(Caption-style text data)
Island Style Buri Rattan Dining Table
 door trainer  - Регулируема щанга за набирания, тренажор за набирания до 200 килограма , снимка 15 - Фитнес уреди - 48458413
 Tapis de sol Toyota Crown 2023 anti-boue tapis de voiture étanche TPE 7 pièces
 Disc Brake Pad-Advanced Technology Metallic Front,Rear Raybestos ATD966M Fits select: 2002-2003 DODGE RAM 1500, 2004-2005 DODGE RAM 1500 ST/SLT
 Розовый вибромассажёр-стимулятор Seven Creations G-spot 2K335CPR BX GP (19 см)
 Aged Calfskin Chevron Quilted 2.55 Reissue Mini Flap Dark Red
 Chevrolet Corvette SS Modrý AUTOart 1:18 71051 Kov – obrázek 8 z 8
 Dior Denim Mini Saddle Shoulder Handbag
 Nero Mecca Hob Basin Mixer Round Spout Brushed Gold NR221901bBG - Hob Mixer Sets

* [Work to be completed]: Your answer should be a single number: the count of lines in these records that hold the string "Mini".

* [Answer box]: 2